At first, these villages felt as if they’d been stripped of something, as if they were waiting, empty, as if some reason for being was gone. Basim’s jeu was empty and crumbling, though magnificent in the way they all were—long and huge and tied together with rattan, nail-less. But there were no carvings anywhere, and if people weren’t out gathering sago or fishing, they sat around. Listless. Waiting. All except for the children, who played wildly, rambunctiously, loudly, climbing palm trees and covering themselves with mud and jumping off docks into the brown river. The sound of an Asmat village is the sound of a crowded playground, of children laughing and shouting and playing.

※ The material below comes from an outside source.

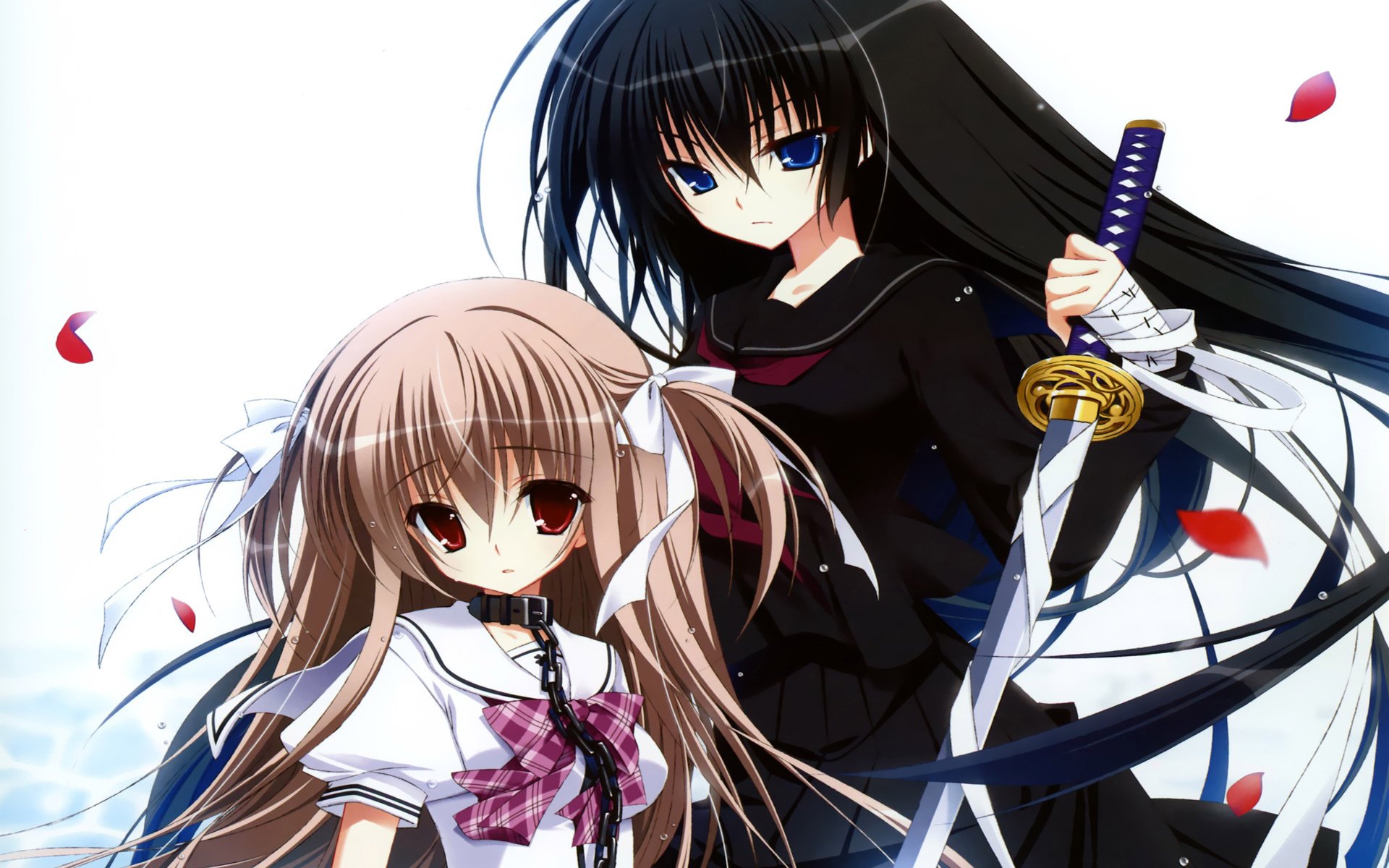 动漫,唯美,可爱,宽屏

That night we were sitting on the floor when an older man walked in. He was thin, small, five-foot-seven and 140 pounds or so, with a prominent jaw, a big nose, and deep-set eyes. Veins popped from his neck and his temples. He had a hole in his septum. His polyester T-shirt was stained, spotted with small holes, and emblazoned with the image of a Papuan with shells through his nose and the word NOSESLIDE! A woven bag adorned with Job’s tears seeds and cockatoo feathers hung from his neck across his chest—a sign of his importance. He had quick, darting eyes and spoke fast in a voice that sounded like gravel rolling across glass, exuding a wildness I hadn’t seen yet in Asmat. “This is Kokai,” Amates said. “He is my elder brother, my papa, the headman from Pirien,” meaning that he was a chief in Pirien, a village named after one of the jeus in Otsjanep that had violently split to form a new village sometime after Rockefeller’s disappearance. “He has a new wife in Basim, so he’s here a lot.” Kokai sat down on the floor with us, Amates brought out a pouch of tobacco and rolling papers. It was too good an opportunity: I confessed to Amates that I was interested in some old stories from Otsjanep and Omadesep, especially about a Dutch raid on the village in 1958, in retaliation for the killings during the trip to Wagin. In fact, from Dutch government archives, I had the original colonial reports filed at the time, describing the events.